For farmers to earn a living, information on market prices is critical. In Machakos district, farmers are reaping the fruits of technological diffusion. From their Farmers Knowledge Centre, they are able to learn farming methods and crop protection techniques from the internet. In addition, through cell phones handed to farmer groups by Safaricom, they are able to inquire market prices hence knowing where to buy or sell their produce. In Uganda, this information gap is being bridged by Information Technology for African Rural Development (ICTARD). 

“There has definitely been an increase in access to agricultural information provided by Uganda National Farmers Federation (UNFFE), as well as telephone-based market services,” says Hellen Karamagi, Farmers Information Communication Management (FICOM) Programme Coordinator. 

Agriculture is the most important sector in terms of developing initiatives for increased efficiency and growth in the Zambian economy. While it accounts for 21.7% of the GDP, it engages approximately 85% of the work force. The vast majority of farmers rely on rainfall to water their crops. When this is not the case, they water their crops manually. The process is often very labor intensive as water is drawn from shallow wells using a rope and bucket. Irrigation is set up informally by individual farmers with very little capital. The process is often spontaneous and unsystematic due to lack of knowledge and access to available technologies.  

One viable option to increase productivity in a cheap but highly effective manner is the implementation of the treadle pump. This pump has already been implemented in several areas in Africa including Zambia itself to great effect. It is relatively inexpensive and offers large returns on the initial investment for farmers. It costs approximately 75 percent less than commercial pumps of comparable flow rate capacity. Using it, farmers in Senegal were able to reduce the cost per cubic meter of water for irrigation by 50 percent. The pump can be manufactured using local materials, in local metal shops.
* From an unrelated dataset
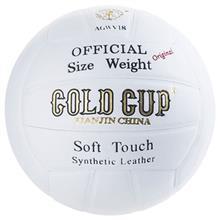 توپ والیبال Gold Cup مدل AGWV18 Gold Cup AGWV18 Volleyball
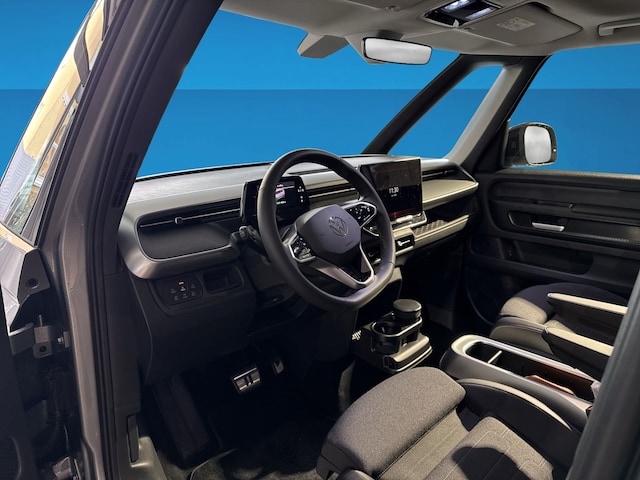 Volkswagen ID.Buzz Pro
The technology has made it possible to reduce irrigation time from 12 to 4 person hours/day, while allowing farmers to increase their plot size by about 40 percent. 

Recognizing science and technology "is a golden opportunity for establishing a knowledge-based African society," says Hassan Abdel Aal Moawad, a professor of microbial biotechnology at Cairo's National Research Centre in Egypt Moawad, and former president of Alexandria's Mubarak City for Scientific Research and Technology Applications.